COBS — Consistent Overhead Byte Stuffing
A clever framing trick from 1997: rewrite the message so it contains no zero bytes anywhere — then a single 0x00 at the end is unambiguously the frame boundary. The cost is fixed and tiny: one extra byte per 254 bytes of payload, no matter what the data looks like.
The trick in one paragraph
SLIP escapes C0 with a two-byte sequence, so a pathological payload doubles in size. COBS does something cleverer: it removes every zero from the payload by replacing it with a distance. The encoded frame begins with an overhead byte — a count N — meaning “the next zero is N bytes ahead.” You skip ahead N bytes; that position holds another overhead byte pointing to the next zero, and so on. The chain ends at a final 0x00 appended as the frame delimiter. Since no overhead byte is ever zero, and the original zeros have all been replaced by counts, the encoded frame contains exactly one 0x00 — the delimiter. Receivers find frame boundaries instantly, with no escape-sequence parsing.
Payload bytes
COBS encoding
Cost
Why the overhead is bounded by 1 byte per 254
The overhead byte is a count from 1 to 255. A count of N means “the next zero is at offset N from here” (so the byte at offset N from the overhead byte represents a zero). With 254 non-zero data bytes in a row, the count is 255 (= 0xFF), but no actual zero exists. COBS handles this with one rule: a count of 255 is a special “keep going” marker — the next overhead byte starts immediately after, without consuming a zero. Worst case: payload of 254 non-zero bytes uses one extra overhead byte; 508 non-zero bytes uses two. That’s 1/254 ≈ 0.4% overhead, regardless of content.

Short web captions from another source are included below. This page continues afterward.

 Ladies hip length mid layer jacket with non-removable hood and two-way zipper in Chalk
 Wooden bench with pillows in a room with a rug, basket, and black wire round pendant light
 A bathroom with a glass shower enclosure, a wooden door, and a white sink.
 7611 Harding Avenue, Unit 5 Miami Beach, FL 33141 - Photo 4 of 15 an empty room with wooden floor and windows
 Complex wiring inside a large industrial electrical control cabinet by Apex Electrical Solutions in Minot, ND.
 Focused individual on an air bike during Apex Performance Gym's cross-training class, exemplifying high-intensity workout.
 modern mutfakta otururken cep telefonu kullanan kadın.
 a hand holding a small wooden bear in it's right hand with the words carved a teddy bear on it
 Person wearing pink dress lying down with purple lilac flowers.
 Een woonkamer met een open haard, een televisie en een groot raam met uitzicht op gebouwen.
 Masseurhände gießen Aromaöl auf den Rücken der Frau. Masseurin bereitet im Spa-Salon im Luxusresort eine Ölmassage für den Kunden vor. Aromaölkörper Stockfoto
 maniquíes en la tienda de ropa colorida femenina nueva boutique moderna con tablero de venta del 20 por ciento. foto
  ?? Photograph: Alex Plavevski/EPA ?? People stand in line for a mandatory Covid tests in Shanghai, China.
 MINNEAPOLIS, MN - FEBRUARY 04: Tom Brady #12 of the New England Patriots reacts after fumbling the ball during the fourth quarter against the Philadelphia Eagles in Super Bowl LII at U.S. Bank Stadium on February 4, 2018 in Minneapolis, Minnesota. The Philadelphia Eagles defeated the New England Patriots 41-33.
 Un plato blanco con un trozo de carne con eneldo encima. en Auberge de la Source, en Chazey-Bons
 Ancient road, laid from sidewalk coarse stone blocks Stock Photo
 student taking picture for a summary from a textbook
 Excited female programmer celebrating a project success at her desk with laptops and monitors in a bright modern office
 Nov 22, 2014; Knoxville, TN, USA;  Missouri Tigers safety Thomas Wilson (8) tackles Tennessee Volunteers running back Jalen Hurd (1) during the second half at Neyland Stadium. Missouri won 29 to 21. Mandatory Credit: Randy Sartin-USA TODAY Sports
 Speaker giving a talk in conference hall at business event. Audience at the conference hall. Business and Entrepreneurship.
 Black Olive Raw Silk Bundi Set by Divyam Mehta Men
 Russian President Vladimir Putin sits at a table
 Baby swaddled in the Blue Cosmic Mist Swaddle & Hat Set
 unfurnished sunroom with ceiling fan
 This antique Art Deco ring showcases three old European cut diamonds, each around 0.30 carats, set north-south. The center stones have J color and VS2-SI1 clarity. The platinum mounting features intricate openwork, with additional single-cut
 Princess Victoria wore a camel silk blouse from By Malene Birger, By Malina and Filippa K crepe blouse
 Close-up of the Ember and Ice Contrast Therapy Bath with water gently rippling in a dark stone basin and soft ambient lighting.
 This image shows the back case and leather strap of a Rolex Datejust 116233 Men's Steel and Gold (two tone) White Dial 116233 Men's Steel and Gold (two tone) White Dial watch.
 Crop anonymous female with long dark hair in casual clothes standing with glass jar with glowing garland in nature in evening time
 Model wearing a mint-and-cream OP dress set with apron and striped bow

SLIP vs COBS for this payload
The point isn’t that one is always smaller — it’s that COBS’s overhead is predictable. SLIP can be cheaper for nice payloads and more than 2× the size for unlucky ones. COBS is always within 0.4% of the input size. For real-time systems where you must size buffers up front, predictable beats lucky.
Things to try
- Click No zeros at all. The encoder still adds two bytes — one overhead byte at the front (
0x07, since the next “zero” is the implicit terminator 7 steps away) and the trailing0x00delimiter. Constant overhead: 2 bytes for any short payload. - Click Lots of zeros. Each zero in the payload becomes an arrow link in the chain. The encoded length equals the input length plus 2 — zeros aren’t free, but they aren’t expensive either. Compare to SLIP, which would cost the same for a payload full of
C0s. - Click 254 non-zero bytes. The count saturates at
0xFF. The decoder treats this as “continue without a zero,” so a follow-on overhead byte appears even though the payload had no actual zero there. This is the only special case in the protocol — and it’s why the worst-case overhead is exactly 1 byte per 254. - Click Single zero at start. The frame starts
0x01 0x01 ...— the first overhead byte points one step ahead, where the second overhead byte sits. That second one then points further ahead. Pointers can land directly on other pointers; that’s the linked-list structure. - Click All zeros. The result is the longest output relative to a small input, but only by a constant factor. n input zeros produce n+1 overhead bytes plus a trailing zero — still beats SLIP’s 2× expansion on its own worst case.
Compared to SLIP, HDLC, and length-prefixed framing
SLIP picks two reserved bytes and escapes them; overhead is unbounded in the worst case (2× expansion) but typically near zero. HDLC bit-stuffing is similar in spirit but works at the bit level (stuff a 0 after every five 1s). Length-prefixed framing avoids stuffing entirely but requires reading the length before any data, so a single corrupt length byte misaligns the rest of the stream until you re-sync somehow.
COBS wins where you need both delimiter-based resync (a single byte you can hunt for) and predictable maximum size (no doubling under adversarial input). That combination is exactly what microcontroller serial protocols and packet-radio links want, which is why COBS shows up in MAVLink, OpenLCB, ROS’s rosserial, and many home-grown firmware framings.